My very first machine learning project

During my first year at École Centrale de Lyon, I conducted my first research project which consisted in designing a machine learning approach for solving a selection and ranking problem, supervised by Pr Christian de Peretti. We reproduced state-of-the-art algorithms from scratch instead of using libraries, including principal components analysis [1], self-organising maps [2] (also referred as Kohonen networks) and a novel hierarchical clustering approach based on graph theory [3]. We then applied the end-to-end approach to financial data to solve the problem of building an efficient investment portfolio, in which one first needs to pick a finite number of assets from a possibly (very) large set and then rank these assets to compute their respective weights. In fact, this is a good example where usual techniques for portfolio optimisation can not be applied since estimating covariances in high dimensions is challenging, referred as curse of dimensionality [4]. This research project was awarded both by academia, with our work being published at the university library [5] and by industry, being ranked first at a national competition organised by Google and others. I would approach the problem in many different ways now that I have more background in the field, but I do believe it was a very good starting point!

Studying machine learning

Statistics and Machine Learning at École Centrale de Lyon

My introduction to machine learning was through following the Centrale Lyon Machine Learning module taught by Pr Yohann de Castro and shared with École Normale Supérieure de Lyon. The courses were given by diving deep in fundamental concepts such as linear models, regularisation, decision trees, ensemble methods, dimensionality reduction or clustering. I really liked the way the lectures were given by explaining how things work in a big picture and then exploring the mathematical details via tutorials, and I think this is what gave me passion for understanding how machine learning algorithms work and how to reproduce them. Pr de Castro was also responsible of the core module in Probability and Statistics and I will always remember about the introduction example on interarrival bus waiting time estimation! It gave me a vision of statistics as a tool to model and extract information from collected data.
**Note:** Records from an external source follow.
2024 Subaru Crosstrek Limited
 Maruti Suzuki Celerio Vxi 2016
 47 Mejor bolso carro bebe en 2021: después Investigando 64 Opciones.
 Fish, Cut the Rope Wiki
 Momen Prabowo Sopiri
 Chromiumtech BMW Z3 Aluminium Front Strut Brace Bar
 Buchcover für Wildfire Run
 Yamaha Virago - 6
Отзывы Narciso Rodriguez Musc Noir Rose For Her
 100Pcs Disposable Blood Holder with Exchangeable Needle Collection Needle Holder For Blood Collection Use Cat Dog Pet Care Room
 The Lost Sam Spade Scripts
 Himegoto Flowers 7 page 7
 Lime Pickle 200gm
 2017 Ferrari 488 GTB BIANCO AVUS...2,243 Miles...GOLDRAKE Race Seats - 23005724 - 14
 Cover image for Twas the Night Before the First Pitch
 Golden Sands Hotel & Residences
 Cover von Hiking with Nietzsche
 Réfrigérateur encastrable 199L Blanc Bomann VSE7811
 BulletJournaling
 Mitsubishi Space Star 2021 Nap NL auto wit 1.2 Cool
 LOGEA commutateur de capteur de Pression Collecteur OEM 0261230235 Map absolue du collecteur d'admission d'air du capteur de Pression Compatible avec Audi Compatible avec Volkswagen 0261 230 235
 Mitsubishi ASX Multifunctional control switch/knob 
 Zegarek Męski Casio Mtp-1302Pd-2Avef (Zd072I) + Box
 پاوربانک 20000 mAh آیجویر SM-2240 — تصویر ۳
MSc in Statistics at Imperial College London

I realised that statistics was a very wide field in mathematics and I wanted to dedicate more time studying it by pursuing the MSc in Statistics at Imperial College London. I learned more about statistical inference, computational and applied statistics, machine learning and deep learning. Among my favourite modules were the Machine Learning course taught by Dr Sarah Filippi and the Deep Learning with TensorFlow module taught by Dr Kevin Webster. This last course really showed me how flexible and complex deep learning architectures can be but in the same time explaining details of basic tools like automated gradients computation or backpropagation. This course covered deep learning fundamentals, but also recent advanced concepts such as computer vision, sequential modelling like natural language processing and generative approaches with their mathematical background and coding implementation.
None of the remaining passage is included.